Aquí el suelo suena hueco, el sonido que responde a las pisadas reconforta a quien está andando. Con este sonido la soledad deposita la tierra a los pies del caminante. Cuando llega a lugares que le agradan, sabe que es la soledad quien se los señaló; ella le señaló esta piedra como asiento, aquella hondanada como nido para sus miembros (Benjamin, «Al sol», 2013: 132).

La figura de Walter Benjamin está, por razones evidentes, íntimamente ligada a la ciudad en su escena moderna. Sin embargo, en un momento en el cual el destino del mundo occidental se jugaba en Europa y tenía como epicentro a Alemania, el autor berlinés se retiró obligadamente a Ibiza y allí escribió una serie de textos que, en resumen y de forma muy general, pueden ser pensados como una suerte de homenaje a sus días en la isla o, al menos, a los momentos de tranquilidad y plenitud que allí encuentra. Los escritos que conforman la serie ibicenca, en general, y algunos como «Al sol», en particular, nos devuelven a un Benjamin poco habitual para el imaginario colectivo porque es un Benjamin que no pasea entre la multitud que atesta las ciudades, sino que es un personaje solitario que ahora camina por el bosque recogiendo almendras y observando las diecisiete variedades de higos. Distante del flâneur que pasea entre la multitud y el vértigo de la mercancía que desborda los anaqueles de las galerías en medio del triunfo de la burguesía, Benjamin en Ibiza se asemeja más al paseante solitario que, como quería Rousseau, se pierde en la naturaleza más virgen y tan solo se detiene para observar todo aquello que la isla podía, en su abundancia, ofrecerle al viajero de aquel entonces y, afortunadamente, al de ahora.

Las dos estancias de Benjamin en Ibiza constituyen, en cierta forma, una gran metáfora de unas de las materias que lo ocupó en su propia actividad como pensador. Asiste, en la primera visita, a un mundo en el cual la experiencia de la singularidad aún no ha sido arrasada y la isla se le revela, así, como uno de los últimos reductos en los cuales la tradición aún prevalece por sobre las comodidades burguesas. Mientras tanto, su segunda estancia derivará en la comprobación de que la especulación del mercado puede avanzar, incluso, sobre el último reducto de exotismo, naturaleza y tradición. También llegaría la guerra en 1936 a este rincón por tiempo mantenido al margen de los acontecimientos del mundo y el desembarco de las tropas fascistas no solo detendría el desarrollo económico impulsado por la internacionalización de Ibiza en favor de su explotación turística, sino que también motivaría el abandono de los extranjeros que allí se alojaban. Misma suerte habría corrido Benjamin si regresaba a Ibiza por tercera vez tal y como su nostalgia le sugería.

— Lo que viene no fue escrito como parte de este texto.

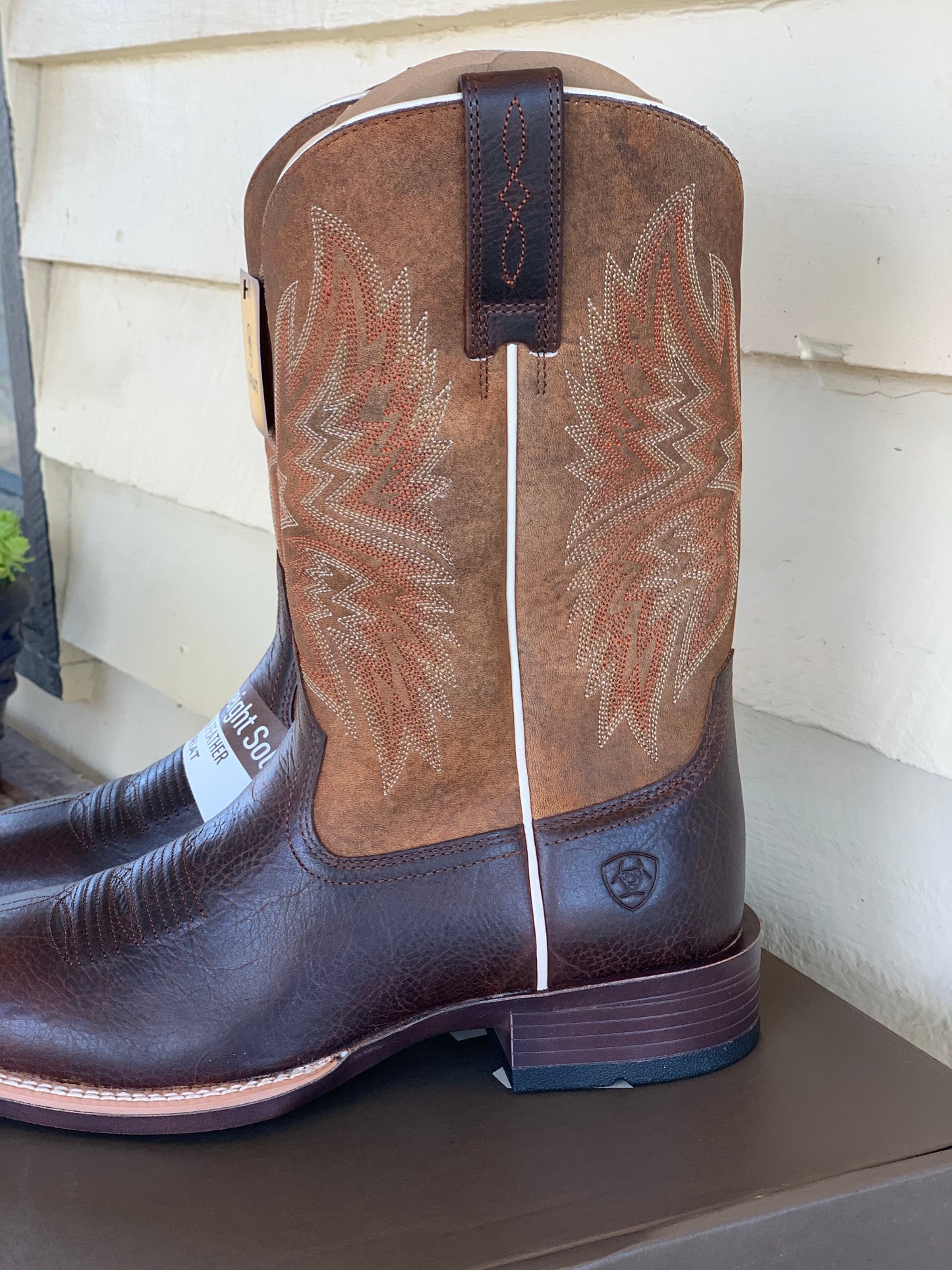 10034079 Mens Valor Ultra Dark Whiskey/Bonfire Brown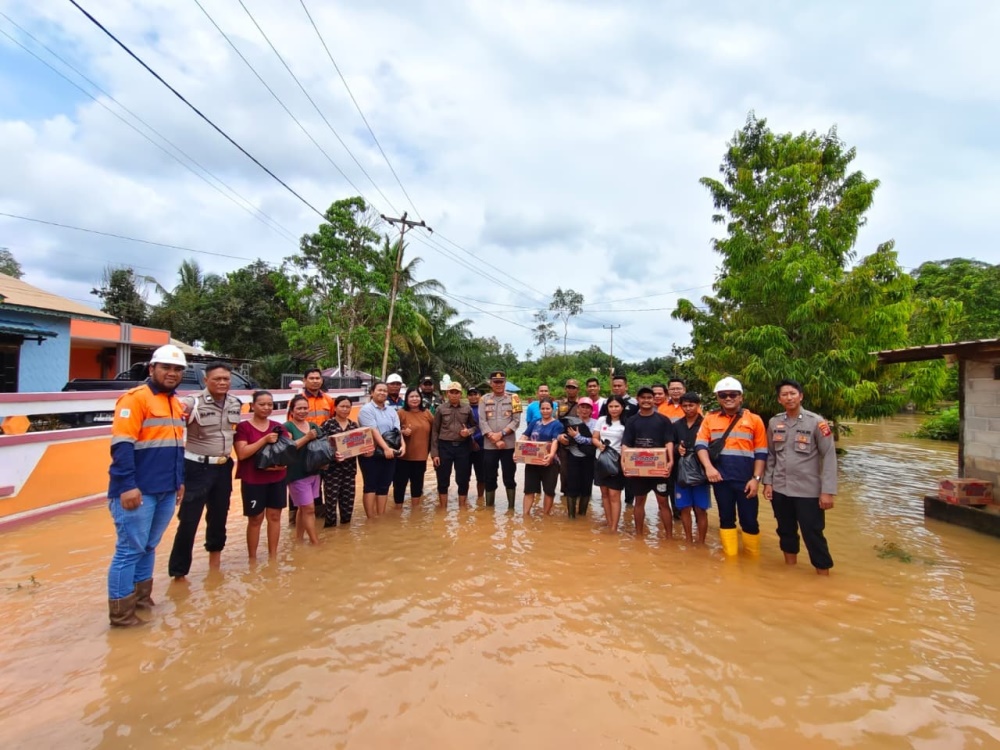 Perwakilan PT. CMI menyerahkan bantuan berupa sembako kepada warga yang terdampak banjir di Kecamatan Marau dan Air Upas, Senin (27/10).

Así, con todo el exilio por delante, Benjamin abandona Ibiza el 26 de septiembre de 1933 y, enfermo de malaria, inicia su etapa definitiva de exiliado político que terminará con un aparente suicidio en la costa catalana, en la pequeña localidad de Port Bou, exactamente siete años más tarde, el 26 de septiembre de 1940. En Ibiza, Benjamin vuelve a Berlín desde la memoria, recupera el contacto con la oralidad como cadena de transmisión de la narración y encuentra en sus cielos abiertos el —quizá— último respiro de vida antes de iniciar la marcha del exilio que lo despojaría de todo.

Notas

Benjamin, W. (2008). Cartas de la época de Ibiza. Valencia: Pre-Textos.
Benjamin, W. (2015). Infancia en Berlín hacia el mil novecientos. Madrid: Abada Editores.
Benjamin, W. (2013). Cuadros de un pensamiento. Buenos Aires: Ediciones Imago Mundi.
Sontag, S. (2015). Bajo el signo de saturno. España: De bolsillo.
Valero, V. (2017). Experiencia y pobreza: Walter Benjamin en Ibiza. España: Periférica.